Configure ICP for vSphere storage
On your ICP boot node, open the config.yaml file and add the following (spacing is important, use spaces and not tabs):
kubelet_nodename: hostname
cloud_provider: vsphere
vsphere_conf:
user: "<vCenter username for vSphere Cloud Provider>"
password: "<password for vCenter user>"
server: <vCenter server IP or FQDN>
port: [vCenter Server Port; default: 443]
insecure_flag: [set to 1 if vCenter uses a self-signed certificate]
datacenter: <datacenter name on which Node VMs are deployed>
datastore: <default datastore to be used for provisioning volumes>
working_dir: <vCenter VM folder path in which node VMs are located>
Example:
kubelet_nodename: hostname
cloud_provider: vsphere
vsphere_conf:
user: icpadmin
password: Passw0rd!
server: 1.2.3.4
port: 443
insecure_flag: 1
datacenter: CSPLAB
datastore: ExternalDemo
working_dir: my-icp-2103
Deploy your ICP instance as per normal.
Once your instance has been deployed you must create a storage class to consume the storage.
First, Create a .yaml file (vsphere.yaml) with the following contents:
kind: StorageClass
apiVersion: storage.k8s.io/v1
metadata:
name: vsphere
annotations:
storageclass.kubernetes.io/is-default-class: "true"

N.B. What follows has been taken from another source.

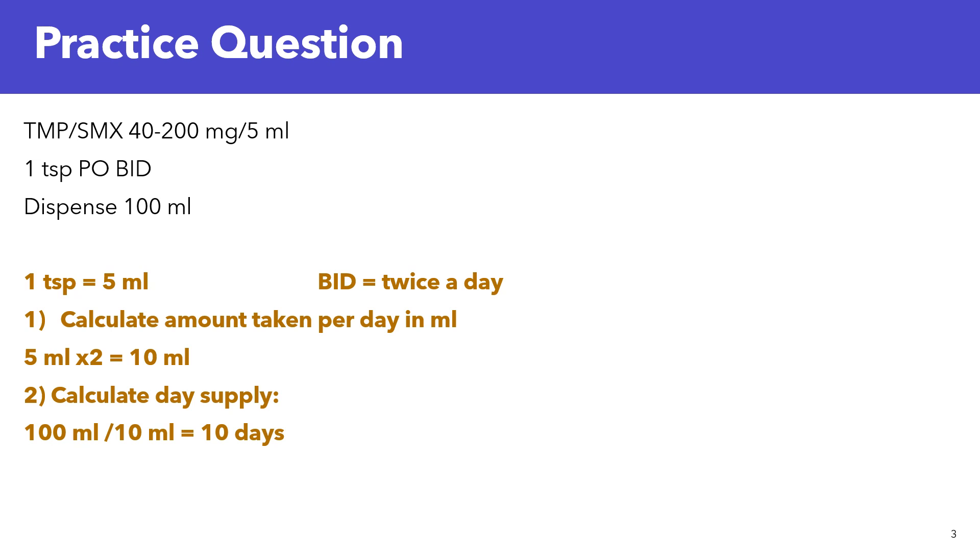Okay, so let's take a look at this together. First, there are some conversion factors that we need to know. So 1 teaspoon equals 5 ml. And BID, I mentioned earlier, that means twice a day.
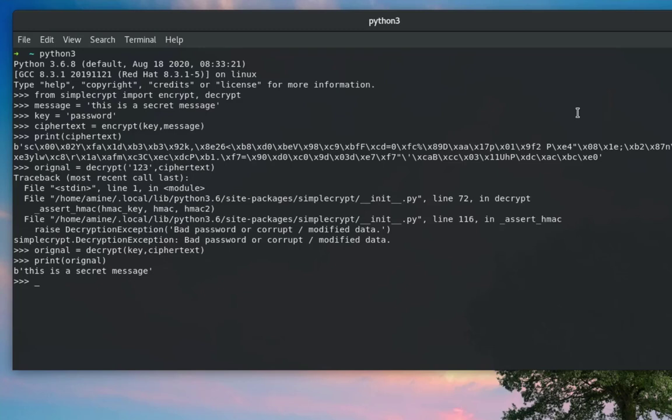You can see how easy it is to use the SimpleCrypt Python library to encrypt and decrypt data in Python. That was just a brief introduction to this library. As always, I hope it has been informative for you — thank you for viewing, bye bye.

provisioner: kubernetes.io/vsphere-volume
parameters:
diskformat: thin
datastore: MyDatastore
The diskformat can be thin,zeroedthick, or eagerzeroedthick. The datastore should be changed to specify the name of the datastore where you want your volumes created.
Configure kubectl to point to your ICP instance.
Deploy your new storage class
kubectl create -f vsphere.yaml
Now, when installing helm charts you can specify dynamic storage using the 'vsphere' storage class and it will dynamically provision your PV to the specified datastore.